Michigan has a zero-tolerance policy for drivers under 21 who have been pulled over for driving while intoxicated. Drivers who are above the age of 21 must have a blood alcohol content of over .08% in order to be arrested for a DUI. If a person is a commercial driver over the age of 21 and has a blood alcohol content of over .04%, they can be arrested for drunk driving.  
  • First Offense: License suspension of up to six months; fines ranging from $100 to $500; and possible jail time of up to 93 days. 
  • Second Offense: License suspension of at least 1 year; fines ranging from $200 to $1,000; and possible jail time ranging from five days to one year or 90 days of community service. 
  • Third Offense: License suspension of at least one year; fines ranging from $200 to $1,000; and possible jail time ranging from 30 days to five years. 
Anti-Drunk and Drugged Driving Laws 
In Michigan, drug and alcohol sentences must be carried out swiftly.
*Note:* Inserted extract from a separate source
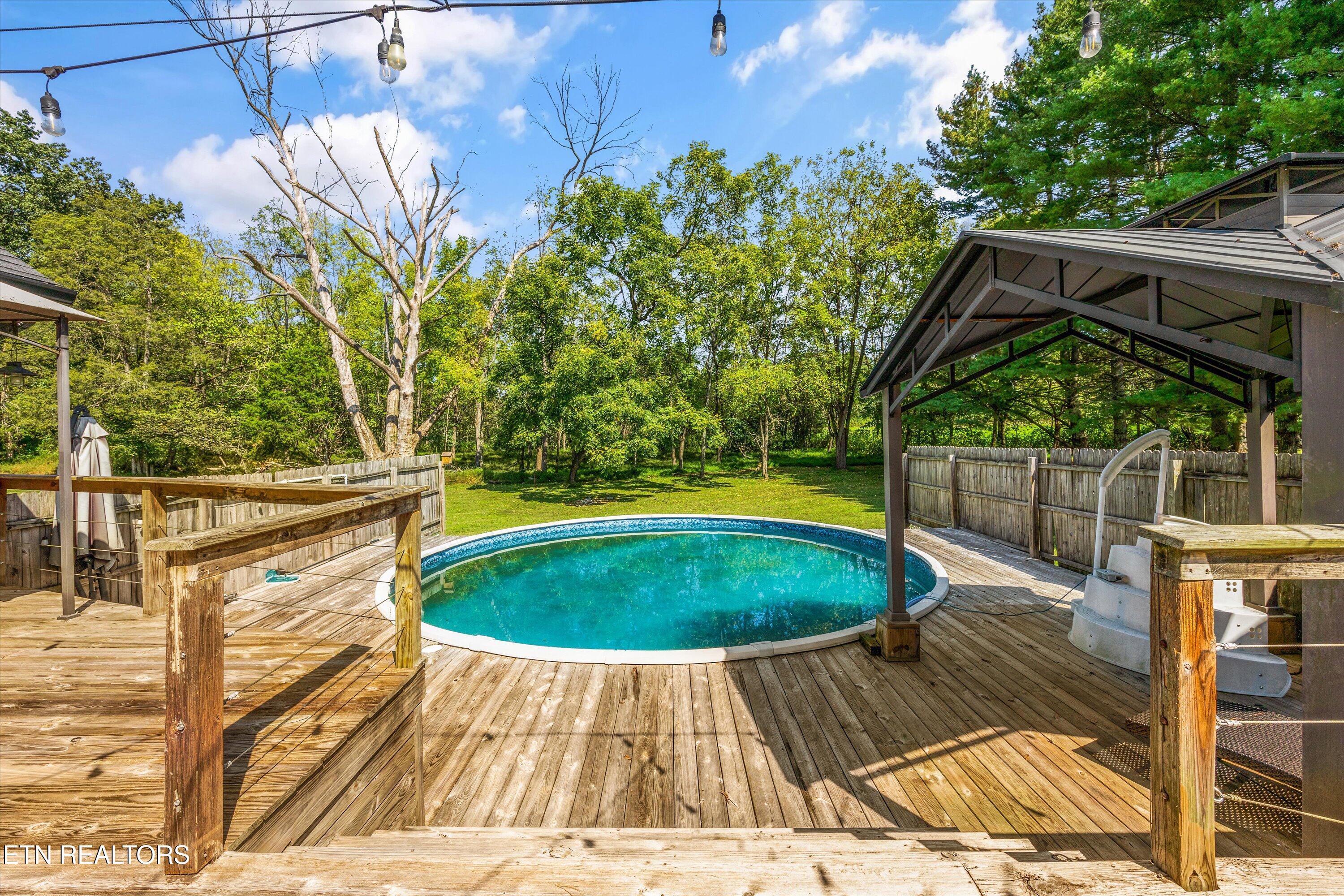 121 Stones Lane Jacksboro TN 37757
In order to protect yourself, call a lawyer to help you in your legal battle. Below are a list of Michigan law requirements. 
  • 77 days after an arrest a verdict must be decided upon by a court.  
  • A $125 fee is applied if a license has been suspended, revoked, or restricted. 
  • Court-ordered participation in rehabilitation 


Know Your Rights

In Michigan, every driver is considered to have given implied consent to a chemical alcohol testing. This testing consists of blood, breath, or urine testing and is not the same thing as a preliminary field test. If you are pulled over and do not agree to take this test, your official license will be destroyed and you will receive a temporary paper one until the DUI case is settled. However, there are more ways to protect your rights if you are pulled over for drunk driving.  
  • You are not required to take a field sobriety test  
  • You do not have to admit that you have consumed alcohol  
  • You can request to have the stop recorded  

In addition, it is crucial that you exercise your 5th amendment right to remain silent. This will help ensure that there is no further incriminating evidence against you. In addition, be sure to contact an attorney as soon as possible. Not only will they be better able to protect you, but this will delay any questioning that may occur.